Third, and most importantly, claim 27 requires a structural relationship in which the light emitter is positioned adjacent the parabolic redirector. The Office Action cites paragraph [0209] of Wolf A, which states that "the emitter is oriented toward the parabolic redirector." But "oriented toward" is not equivalent to "adjacent." Wolf A's reflectors 1550, 1551, 1552, and 1553 (see Figs. 14B and l 4C) are located at the distal end of a paddle lead, far from the proximal end where the emitter resides. These reflectors are as remote from the emitter as possible, and thus not "adjacent" in any sense.

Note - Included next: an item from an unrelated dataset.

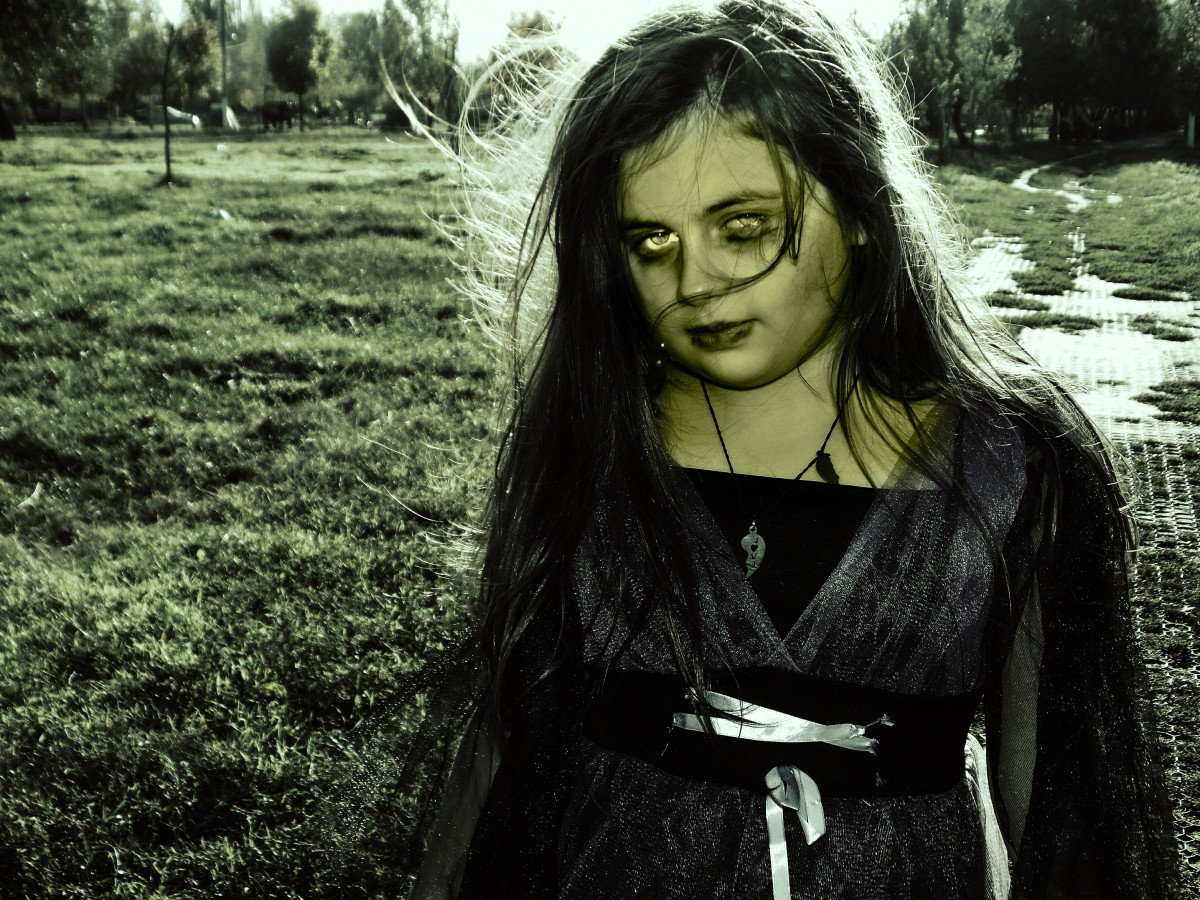 Ведьма Лилит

The claimed adjacency between emitter and redirector is a concrete structural relationship not disclosed or suggested in Wolf A.

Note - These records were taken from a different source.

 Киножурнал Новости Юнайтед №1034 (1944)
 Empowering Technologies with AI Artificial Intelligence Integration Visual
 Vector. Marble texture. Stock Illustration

Furthermore, for a person of ordinary skill in the art, Wolf A teaches precisely the opposite to what the claim requires, namely that the emitters are positioned at the proximal end to inject light directly into the lead fibers, and reflectors or windows are positioned at the distal end. To modify Wolf A into the claimed configuration-placing a transparent cover plate between a die stack and a perpendicularly oriented laser so as to position the emitter adjacent a parabolic redirector-would require re-engineering the device in a manner that undermines Wolf A's intended structure and operation. Absent the teaching of Applicant's Specification, there is no basis for such a modification, and arriving at the claimed configuration requires impermissible hindsight.
Accordingly, Wolf A fails to disclose or suggest the transparent cover plate positioned between the emitter and die stack, and fails to disclose or suggest the structural adjacency between the emitter and parabolic redirector required by claim 27. The Office Action therefore does not establish a primafacie case of obviousness under 35 U.S.C. § 103. (09/02/25 Remarks, pages 24-26)

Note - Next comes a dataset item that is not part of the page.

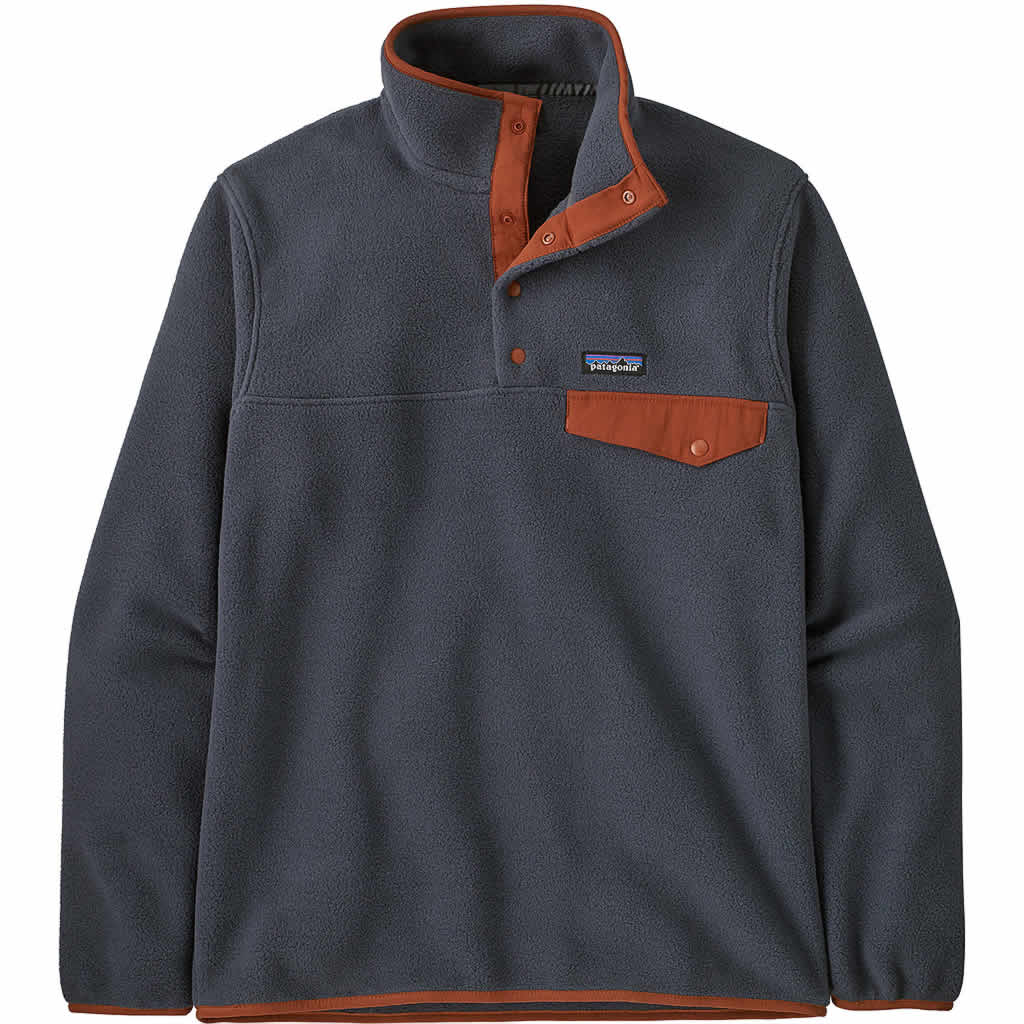 Men's Lightweight Synchilla Snap-T Pullover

This argument is persuasive.
(1) Neither Wolf A nor Kuhn disclose a transmission window situated between the emitter and die stack. Therefore, the rejection of claim 27 is withdrawn. However, upon further consideration, a new ground(s) of rejection is made in view of Johnson (US PG Pub 2019/0221997 A1), see “Claim Rejections - 35 USC § 103” section.
(2) Based on the evidence presented in Applicant’s arguments, neither Wolf A nor Kuhn teach a photodiode surrounding a laser. Therefore, the rejection of claim 15 is withdrawn. However, upon further consideration, a new ground(s) of rejection is made in view of Johnson (US PG Pub 2019/0221997 A1), see “Claim Rejections - 35 USC § 103” section.
(3) The parabolic redirector and right-angle prism in the embodiments in Figures 16C and 17B are not placed within the stimulator casing and instead describe embodiments near the distal paddle electrodes. Therefore, the rejection of claim 27 is withdrawn. However, upon further consideration, a new ground(s) of rejection is made in view of Chung (US 6,975,465 B1), see “Claim Rejections - 35 USC § 103” section
Summary: The 35 U.S.C. § 103 rejections of claims 15-28 are withdrawn. New 35 U.S.C. § 103 rejections of claims 15-28 newly in view of Scott (US PG Pub 2019/0060656 A1), Chung (US 6,975,465 B1), Johnson (US PG Pub 2019/0221997 A1), and Beatty (US PG Pub 2016/0170284 A1) are added (see Claim Rejections - 35 USC § 103).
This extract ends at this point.